Aim of the task
Please restate, exactly as they appear, only the lines from the one that contains "Used 2014 Ford" to the final line of the entries, with no pictures.

Given entries
=-=-=-=-=

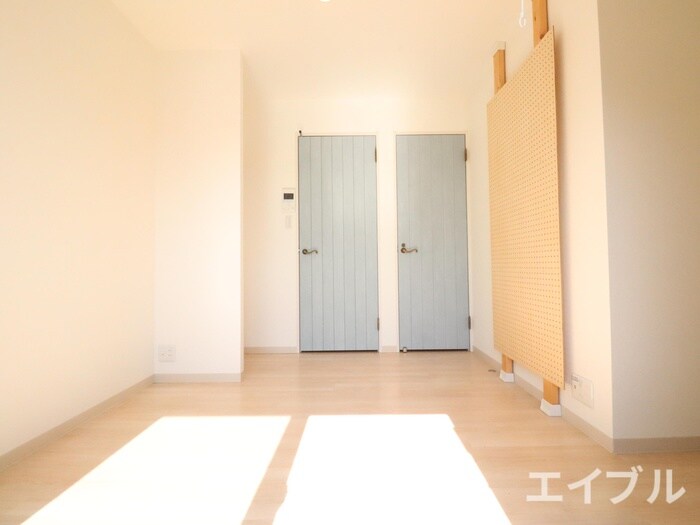 物件内観写真14　(居室)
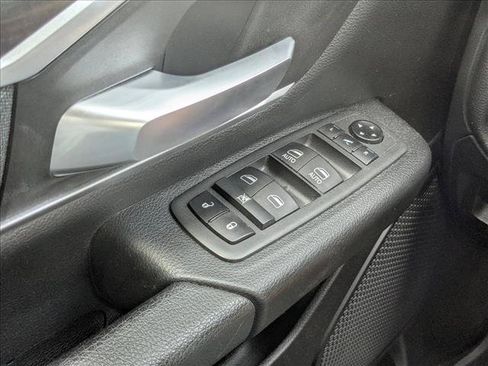 Used 2021 RAM 1500 Big Horn AWD/4WD image 15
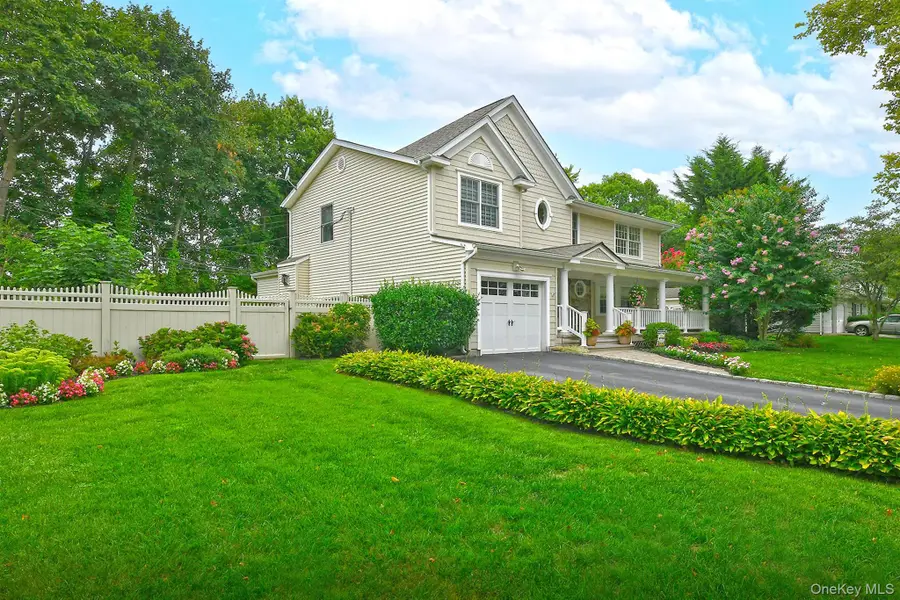 12 Pine Hollow Lane, Greenlawn, NY 11740 - Image #2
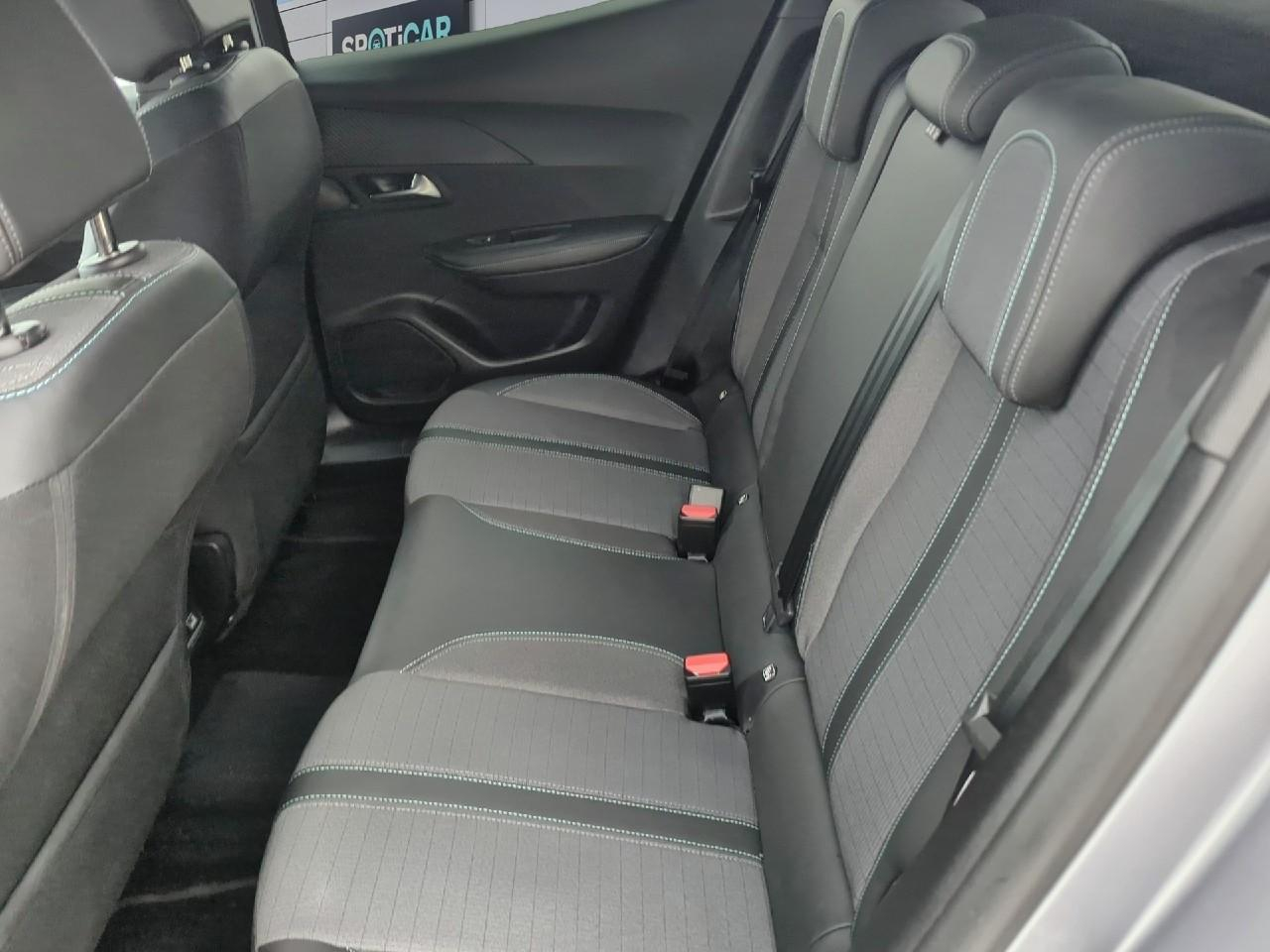 Peugeot 2008 bluehdi 130 s&s eat8 allure — photo 10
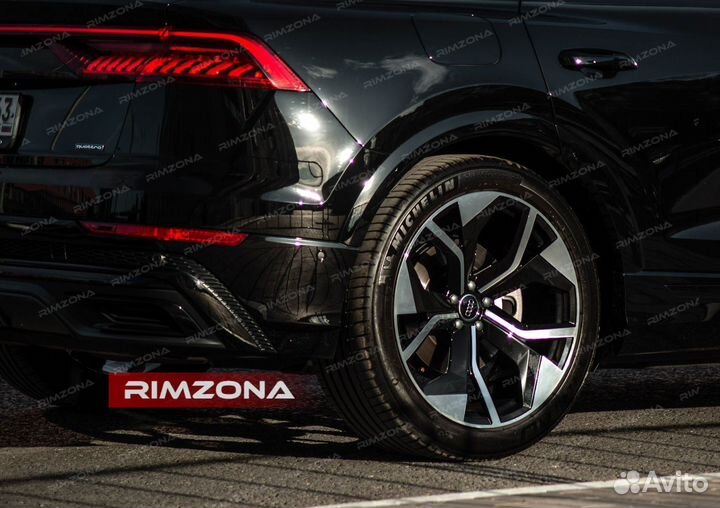 Кованые диски R22 на Audi Q8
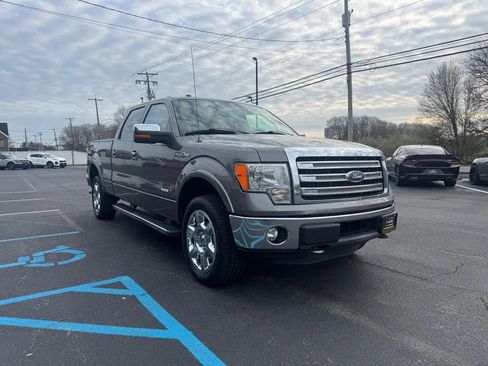 Used 2014 Ford F150 Lariat w/ Lariat Chrome Package image 4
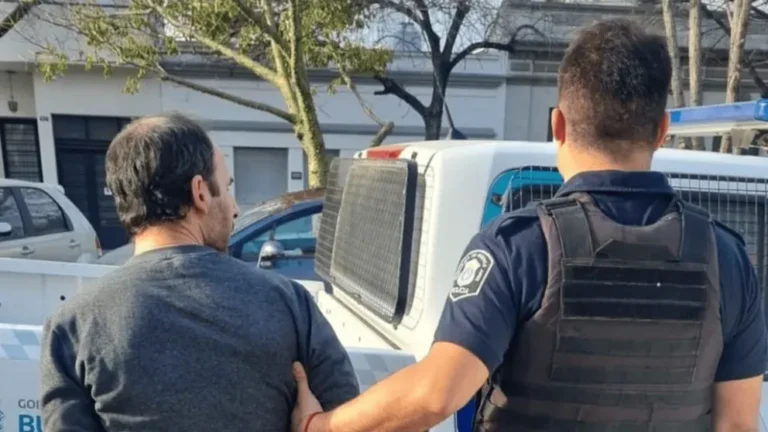 Insólito: un policía se quedó dormido al volante, intentó fugarse y atacó a un colega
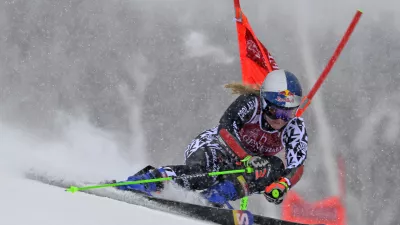 Dec 6, 2025; Mont-Tremblant, Quebec, CANADA; Alice Robinson of New Zealand during the PwC Tremblant alpine skiing World Cup at Mont-Tremblant Ski Resort. Mandatory Credit: Eric Bolte-Imagn Images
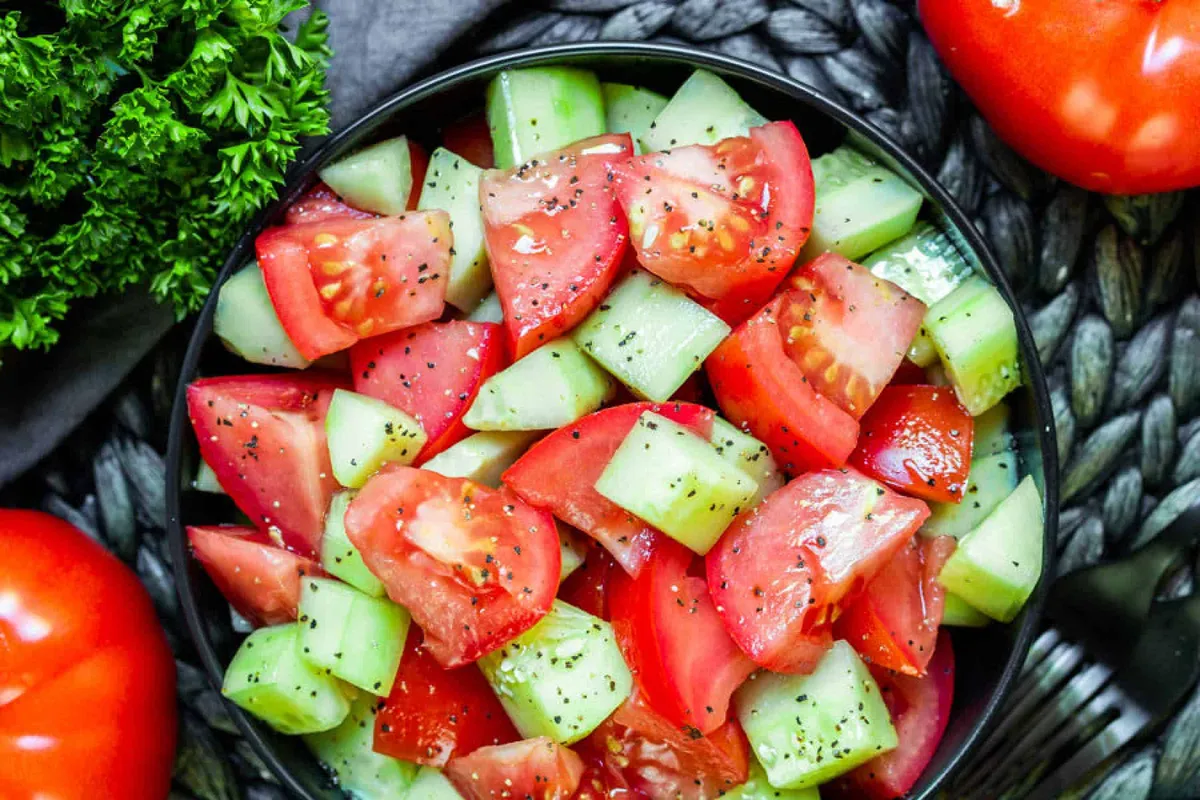 Paria e vendit nuk i pranon trangullin dhe domaten si simbole luksi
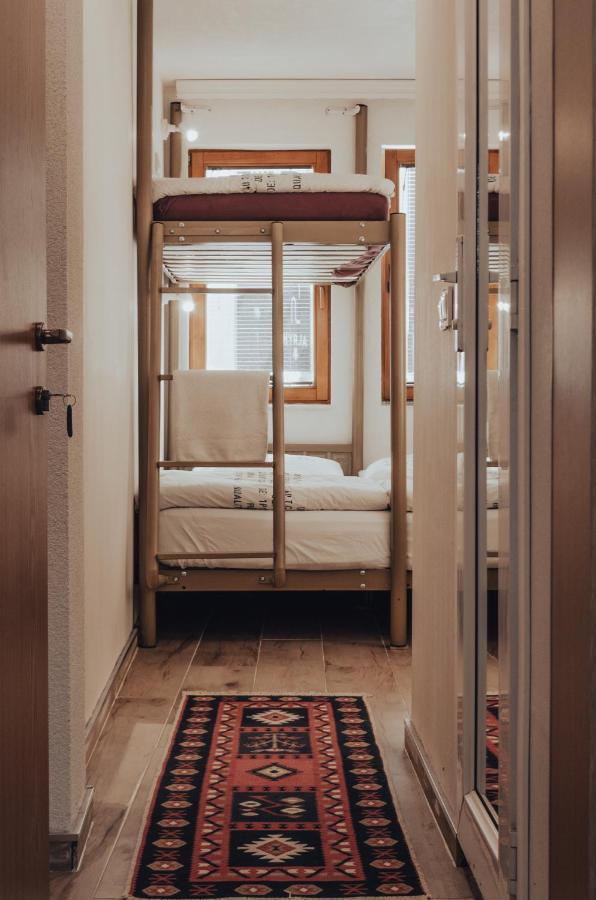 Oda Hostel Pristina Exteriör bild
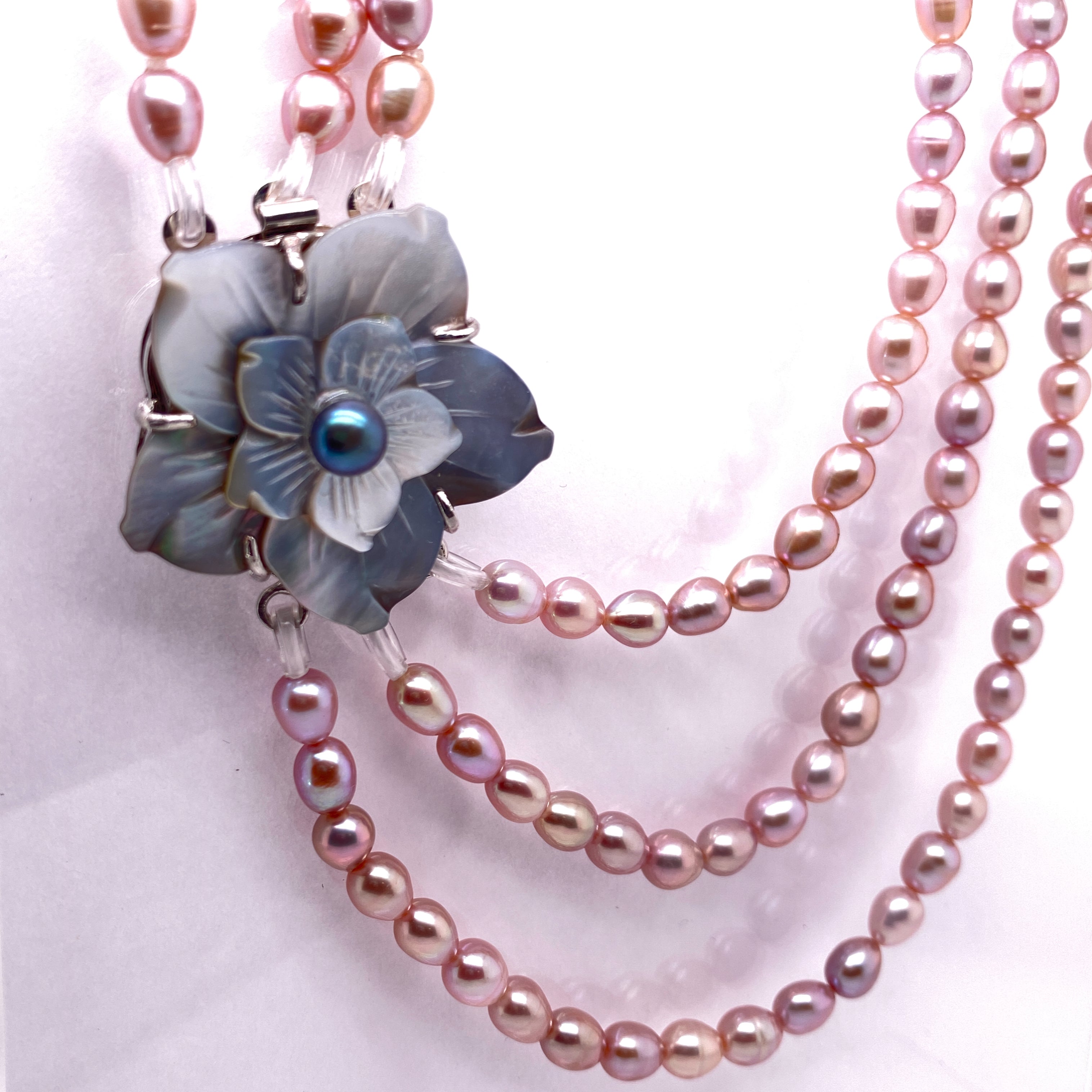 Collar de perlas cultivadas de triple cadena con rosa de madreperla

=-=-=-=-=

Answer section
 Used 2014 Ford F150 Lariat w/ Lariat Chrome Package image 4
 Insólito: un policía se quedó dormido al volante, intentó fugarse y atacó a un colega
 Dec 6, 2025; Mont-Tremblant, Quebec, CANADA; Alice Robinson of New Zealand during the PwC Tremblant alpine skiing World Cup at Mont-Tremblant Ski Resort. Mandatory Credit: Eric Bolte-Imagn Images
 Paria e vendit nuk i pranon trangullin dhe domaten si simbole luksi
 Oda Hostel Pristina Exteriör bild
 Collar de perlas cultivadas de triple cadena con rosa de madreperla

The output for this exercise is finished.